▶ **Material for this exercise**
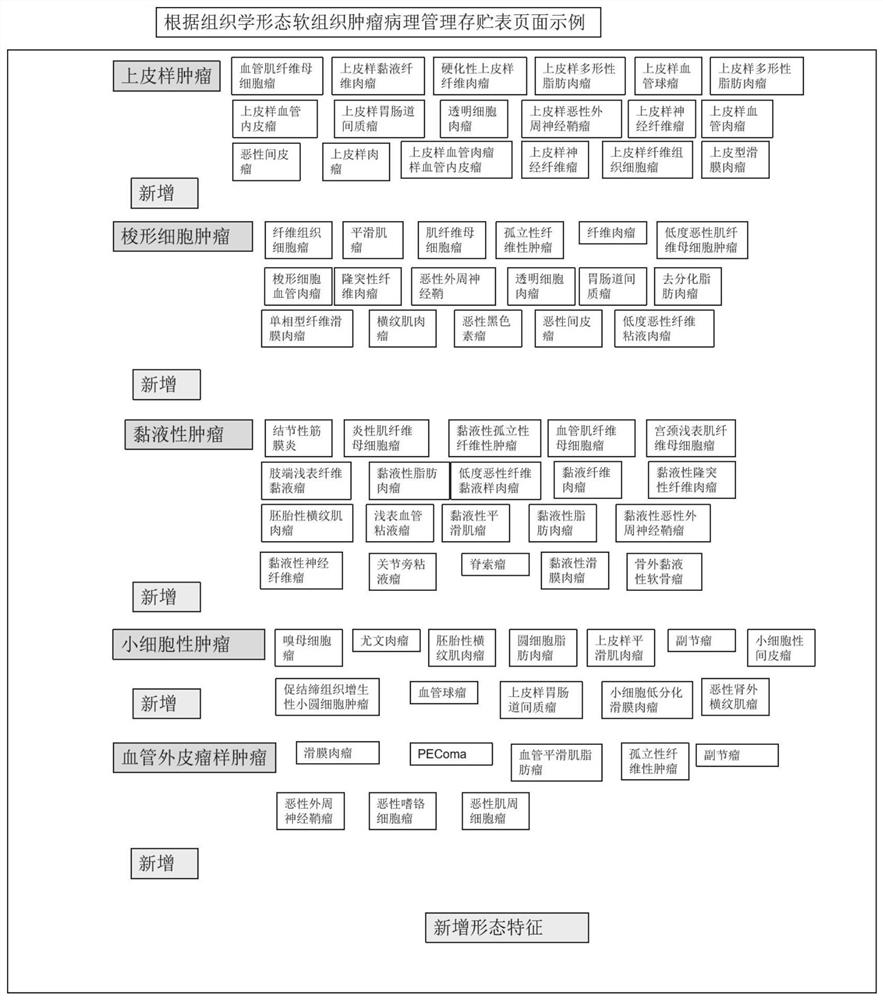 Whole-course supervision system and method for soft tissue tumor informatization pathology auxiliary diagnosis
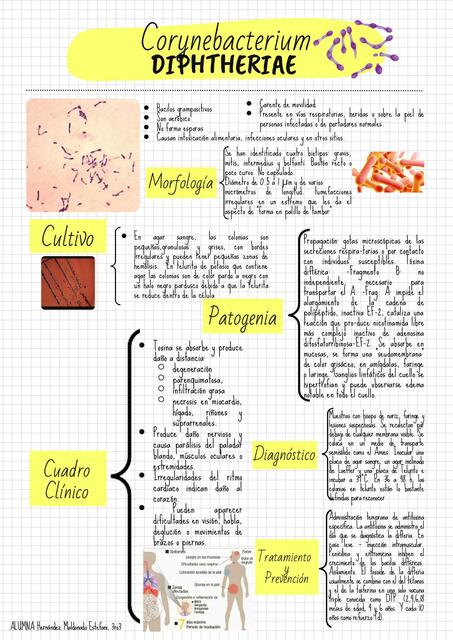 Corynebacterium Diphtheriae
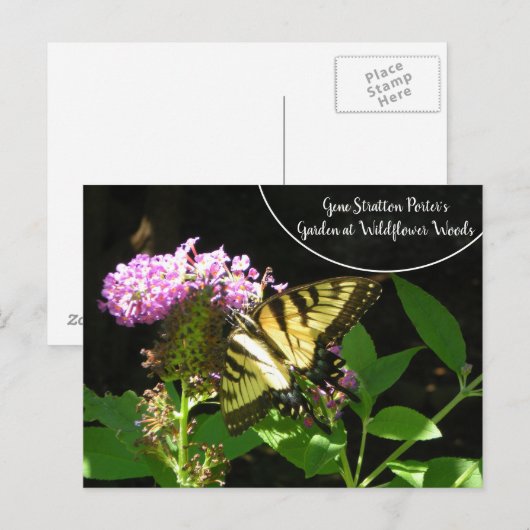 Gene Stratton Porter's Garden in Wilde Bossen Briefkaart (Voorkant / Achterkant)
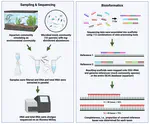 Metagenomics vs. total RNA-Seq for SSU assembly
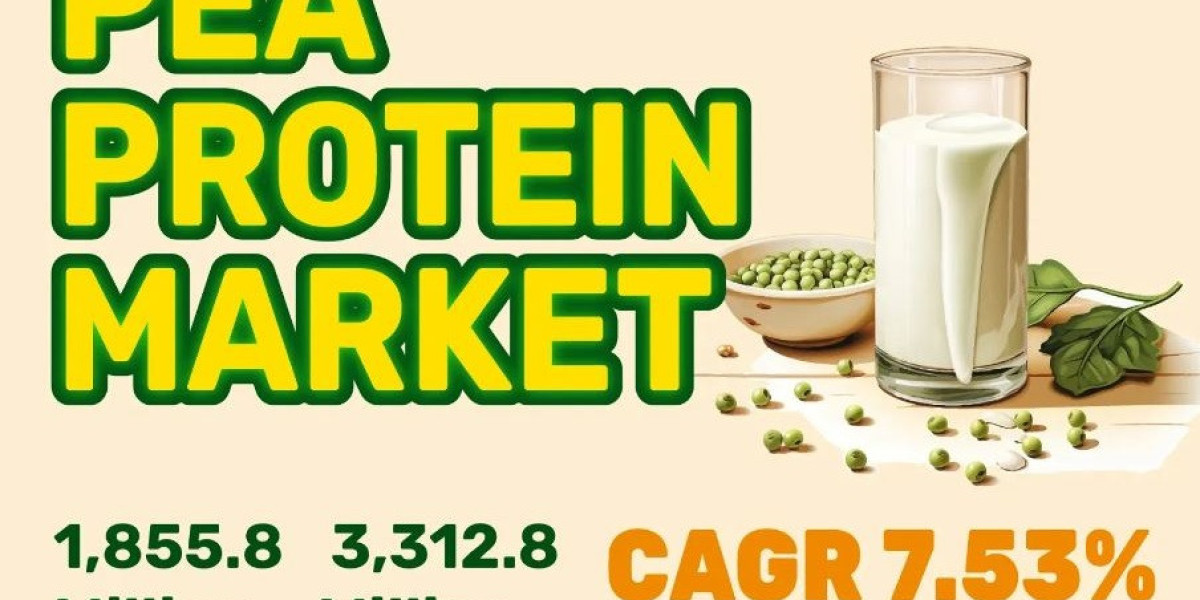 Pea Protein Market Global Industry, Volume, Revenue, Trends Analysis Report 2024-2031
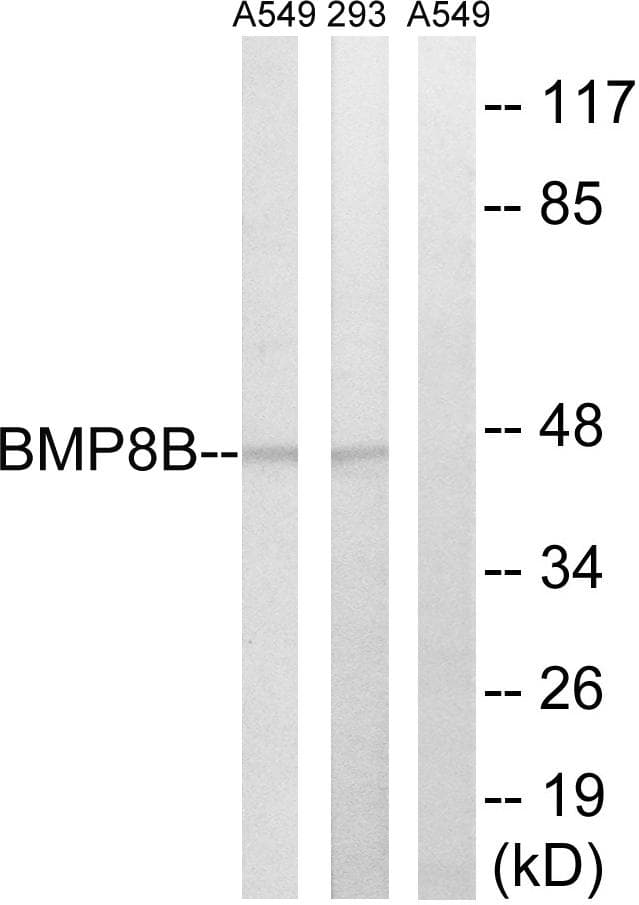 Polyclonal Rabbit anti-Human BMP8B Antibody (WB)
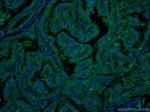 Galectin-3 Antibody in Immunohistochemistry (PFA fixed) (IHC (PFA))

--

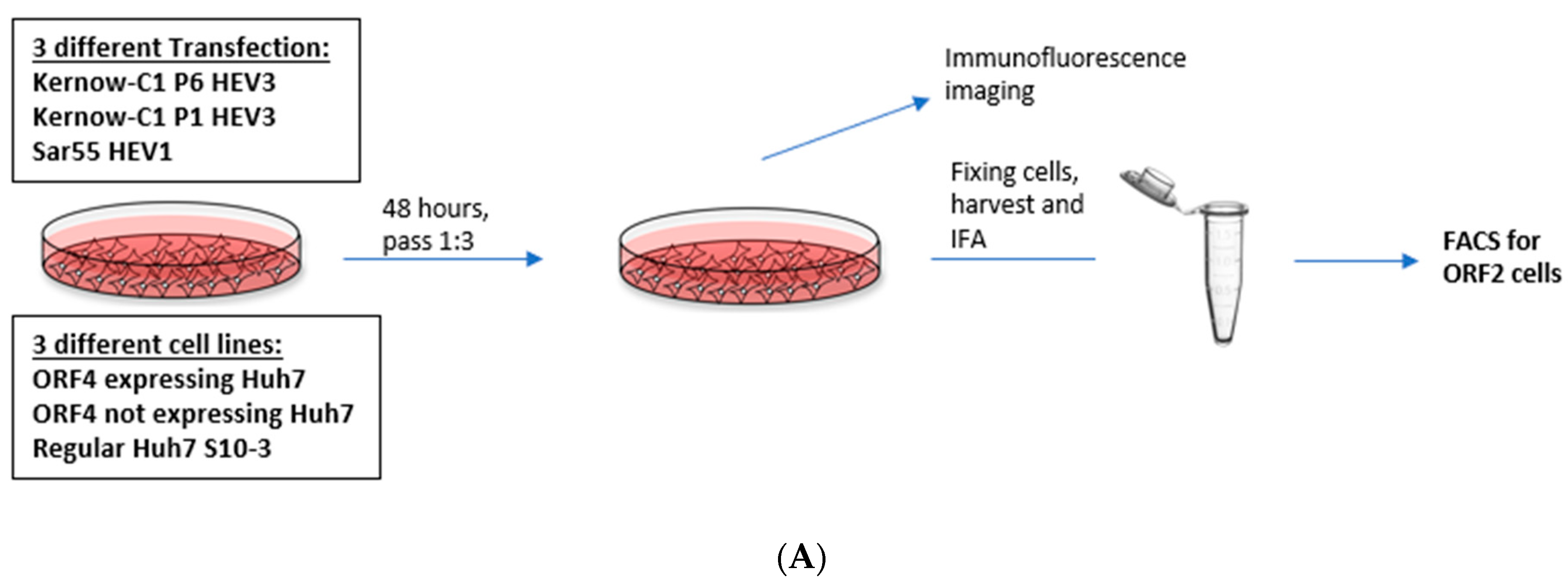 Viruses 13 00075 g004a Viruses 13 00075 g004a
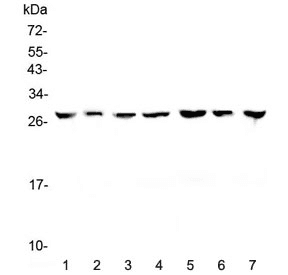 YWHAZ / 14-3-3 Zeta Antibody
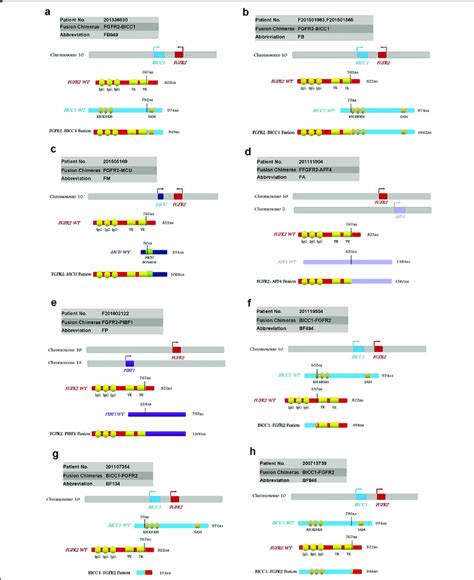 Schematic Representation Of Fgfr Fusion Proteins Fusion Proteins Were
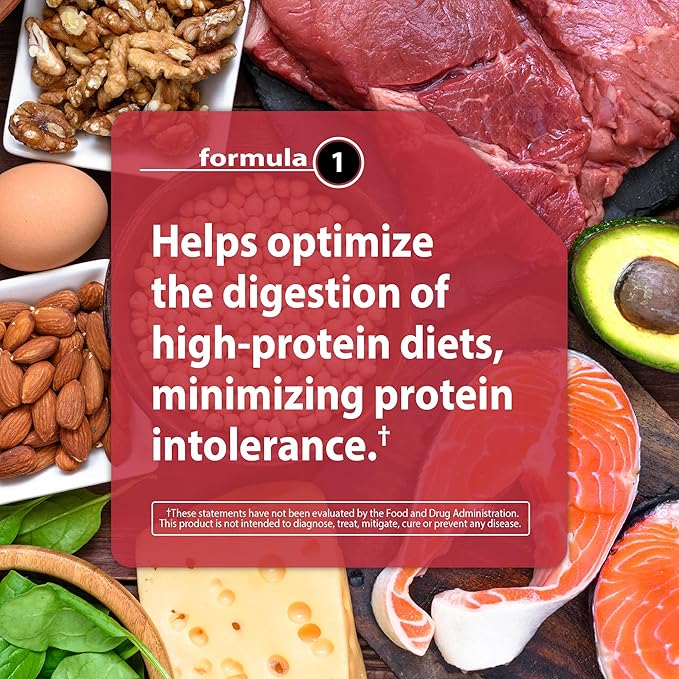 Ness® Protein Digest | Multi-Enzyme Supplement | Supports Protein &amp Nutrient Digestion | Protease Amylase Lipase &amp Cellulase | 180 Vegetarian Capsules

--

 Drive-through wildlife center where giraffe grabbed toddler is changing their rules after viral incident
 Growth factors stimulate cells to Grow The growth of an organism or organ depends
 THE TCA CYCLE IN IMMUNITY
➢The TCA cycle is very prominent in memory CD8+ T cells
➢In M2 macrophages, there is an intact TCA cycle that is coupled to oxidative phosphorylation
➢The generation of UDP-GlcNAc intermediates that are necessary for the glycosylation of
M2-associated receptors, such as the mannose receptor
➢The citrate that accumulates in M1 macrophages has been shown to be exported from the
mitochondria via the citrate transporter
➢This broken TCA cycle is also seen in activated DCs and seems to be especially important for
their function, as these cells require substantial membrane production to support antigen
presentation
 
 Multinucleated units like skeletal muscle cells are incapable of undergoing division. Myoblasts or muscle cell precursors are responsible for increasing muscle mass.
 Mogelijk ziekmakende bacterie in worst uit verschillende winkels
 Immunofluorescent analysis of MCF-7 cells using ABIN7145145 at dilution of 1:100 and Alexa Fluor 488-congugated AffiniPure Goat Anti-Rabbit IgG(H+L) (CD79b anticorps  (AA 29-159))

▶ **Work task**
Copy each line of the preceding material that contains "their".

▶ **Task answer**
 Drive-through wildlife center where giraffe grabbed toddler is changing their rules after viral incident
their function, as these cells require substantial membrane production to support antigen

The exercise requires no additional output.